I meme “evil” che rovesciano modi di dire e frasi tipiche di personaggi famosi per farli diventare il contrario di sé stessi, sono la moda del momento. Si prende la foto di un personaggio che può essere un attore, un cantante, un politico o chiunque altro, la si cambia al negativo e la si colloca tra due scritte: in alto la parola “Evil” seguita dal nome del personaggio, poi l’espressione “be like” e infine la loro frase nota rovesciata di senso. In questo modo Mike Bongiorno dirà “tristezza” invece di “allegria” e Martin Luther King comparirà con la scritta “I have a nightmare” (io ho un incubo) invece di “I have a dream” (io ho un sogno); la barca di Orietta Berti “affonderà” invece di “andare” e Nonno Libero di Lino Banfi esclamerà “una parola è più che sufficiente” al posto di “una parola è poca e due sono troppe”.

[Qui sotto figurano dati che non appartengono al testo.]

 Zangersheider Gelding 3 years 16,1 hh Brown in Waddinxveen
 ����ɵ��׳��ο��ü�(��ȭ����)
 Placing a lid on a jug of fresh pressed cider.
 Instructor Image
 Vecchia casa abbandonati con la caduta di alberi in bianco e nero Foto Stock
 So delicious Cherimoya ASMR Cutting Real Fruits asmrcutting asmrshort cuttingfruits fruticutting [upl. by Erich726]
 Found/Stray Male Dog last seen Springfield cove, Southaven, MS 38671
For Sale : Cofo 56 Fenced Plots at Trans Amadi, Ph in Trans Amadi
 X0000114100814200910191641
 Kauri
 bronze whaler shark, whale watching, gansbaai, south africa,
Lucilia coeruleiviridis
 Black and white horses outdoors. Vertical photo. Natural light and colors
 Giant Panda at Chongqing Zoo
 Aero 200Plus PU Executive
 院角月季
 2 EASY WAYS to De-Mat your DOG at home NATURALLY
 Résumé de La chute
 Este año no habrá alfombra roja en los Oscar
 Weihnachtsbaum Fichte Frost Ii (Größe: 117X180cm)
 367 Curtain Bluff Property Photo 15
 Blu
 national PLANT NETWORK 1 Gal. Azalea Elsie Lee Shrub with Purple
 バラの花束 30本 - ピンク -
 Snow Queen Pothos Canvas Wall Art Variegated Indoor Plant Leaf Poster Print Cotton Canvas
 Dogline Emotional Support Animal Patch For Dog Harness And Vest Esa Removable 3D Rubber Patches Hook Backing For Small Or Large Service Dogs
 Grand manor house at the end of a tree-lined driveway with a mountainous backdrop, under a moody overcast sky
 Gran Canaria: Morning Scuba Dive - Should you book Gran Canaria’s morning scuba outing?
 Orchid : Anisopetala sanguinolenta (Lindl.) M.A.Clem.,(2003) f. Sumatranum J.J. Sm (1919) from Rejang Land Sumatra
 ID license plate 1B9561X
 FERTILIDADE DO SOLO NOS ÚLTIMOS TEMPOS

L’esplodere di questo fenomeno in prossimità di Halloween ha scatenato i soliti tormentoni che alludono al satanismo. Non mi sembra il problema più importante. Il satanismo tra i giovani è, in Italia, una realtà terribile e diffusa ma purtroppo non ha niente a che vedere con i meme e le maschere di Carnevale. Se bastasse così poco il problema sarebbe già risolto. Le riflessioni devono piuttosto muoversi su un altro ordine di considerazioni.



Il “carnevale” che rovescia le regole della società – come il meme che rovescia al negativo le frasi dei personaggi – è un momento divertente perché, appunto, è un momento e uno solo: semel in anno licet insanire (una volta all’anno è lecito impazzire) dicevano i latini. Ed è così perché, paradossalmente, quel momento di svago serviva per mantenere le regole e la compattezza morale e sociale della comunità umana. Il rischio del meme “evil” invece non è tanto quello della deriva luciferina, ma che il paradosso diventi normalità, il rovesciamento della regola qualcosa di scontato e normale invece di essere un momento comico e liberante rispetto a personaggi “sempre a posto”, sempre giusti.



Se il momento del rovesciamento diventasse la realtà abituale, vorrebbe dire abituarsi a vedere le persone come mostri, disumanizzate, private dei loro tratti umani e distintivi. Vorrebbe dire abituarsi a guardarle il contrario di come appaiono, cioè, dal negativo di una fotografia. Il vero pericolo perciò è quello strutturale al web e in particolare ai social: la diffusione e l’amplificazione di un messaggio che senza alcun controllo può diventare rischioso perché provoca assuefazione a ciò che è strano facendolo diventare normale e divertente. 

A questo problema non esiste una soluzione tecnologica. Esiste solo la possibilità della vicinanza ai giovani da parte di adulti, amici o genitori che siano. Solo un’amicizia che riporti alla realtà può aiutare a giudicare lo scherzo per quello che è: una burla che permette di tornare alla verità della vita con un punto di vista più ricco e consapevole.